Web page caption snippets
=======

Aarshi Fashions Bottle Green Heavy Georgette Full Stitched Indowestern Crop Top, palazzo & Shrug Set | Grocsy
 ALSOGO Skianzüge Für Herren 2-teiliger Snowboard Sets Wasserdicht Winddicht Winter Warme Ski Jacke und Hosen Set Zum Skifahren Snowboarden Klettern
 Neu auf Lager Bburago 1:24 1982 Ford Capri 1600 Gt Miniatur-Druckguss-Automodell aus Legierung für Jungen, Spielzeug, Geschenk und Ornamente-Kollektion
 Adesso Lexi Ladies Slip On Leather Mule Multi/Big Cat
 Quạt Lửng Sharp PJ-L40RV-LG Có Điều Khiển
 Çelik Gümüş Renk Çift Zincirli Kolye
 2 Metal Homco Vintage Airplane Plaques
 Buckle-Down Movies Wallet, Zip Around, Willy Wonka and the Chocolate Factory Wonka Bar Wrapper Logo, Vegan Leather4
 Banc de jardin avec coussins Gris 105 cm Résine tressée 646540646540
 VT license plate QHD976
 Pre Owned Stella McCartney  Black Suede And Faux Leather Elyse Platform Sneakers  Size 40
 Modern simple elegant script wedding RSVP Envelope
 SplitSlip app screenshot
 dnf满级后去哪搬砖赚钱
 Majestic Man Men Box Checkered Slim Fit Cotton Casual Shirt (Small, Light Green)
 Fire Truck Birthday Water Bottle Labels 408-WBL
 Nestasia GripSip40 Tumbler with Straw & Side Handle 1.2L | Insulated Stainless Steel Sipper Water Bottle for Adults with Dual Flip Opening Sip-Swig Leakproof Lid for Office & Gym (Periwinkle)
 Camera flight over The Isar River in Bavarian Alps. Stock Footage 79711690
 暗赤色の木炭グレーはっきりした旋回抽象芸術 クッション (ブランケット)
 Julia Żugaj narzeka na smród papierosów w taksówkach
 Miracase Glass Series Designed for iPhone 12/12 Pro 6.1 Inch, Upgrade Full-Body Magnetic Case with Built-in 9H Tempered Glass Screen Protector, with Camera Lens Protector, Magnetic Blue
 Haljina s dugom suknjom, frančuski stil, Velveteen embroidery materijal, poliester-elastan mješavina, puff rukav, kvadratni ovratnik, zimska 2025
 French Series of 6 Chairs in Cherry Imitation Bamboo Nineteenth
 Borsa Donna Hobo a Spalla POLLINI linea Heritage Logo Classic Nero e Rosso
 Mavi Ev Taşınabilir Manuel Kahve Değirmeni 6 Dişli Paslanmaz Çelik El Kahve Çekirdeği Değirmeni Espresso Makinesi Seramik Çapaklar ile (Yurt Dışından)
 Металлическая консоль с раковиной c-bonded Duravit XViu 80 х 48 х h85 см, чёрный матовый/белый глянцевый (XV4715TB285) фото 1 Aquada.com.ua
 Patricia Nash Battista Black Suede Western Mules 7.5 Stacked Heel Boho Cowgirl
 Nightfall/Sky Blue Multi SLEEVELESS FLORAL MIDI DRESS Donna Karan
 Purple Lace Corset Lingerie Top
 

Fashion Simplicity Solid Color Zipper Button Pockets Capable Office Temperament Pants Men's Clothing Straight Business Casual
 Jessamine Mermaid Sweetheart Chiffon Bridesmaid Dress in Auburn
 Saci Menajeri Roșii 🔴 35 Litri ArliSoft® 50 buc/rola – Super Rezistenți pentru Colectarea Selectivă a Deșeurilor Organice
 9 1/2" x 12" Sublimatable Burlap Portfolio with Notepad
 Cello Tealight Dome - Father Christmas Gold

=======

As the answer, set down only the lines from the data above between the one holding "Banc de jardin" and the one holding "Majestic Man Men", inclusive, exactly as they read.

RESPONSE AREA →
 Banc de jardin avec coussins Gris 105 cm Résine tressée 646540646540
 VT license plate QHD976
 Pre Owned Stella McCartney  Black Suede And Faux Leather Elyse Platform Sneakers  Size 40
 Modern simple elegant script wedding RSVP Envelope
 SplitSlip app screenshot
 dnf满级后去哪搬砖赚钱
 Majestic Man Men Box Checkered Slim Fit Cotton Casual Shirt (Small, Light Green)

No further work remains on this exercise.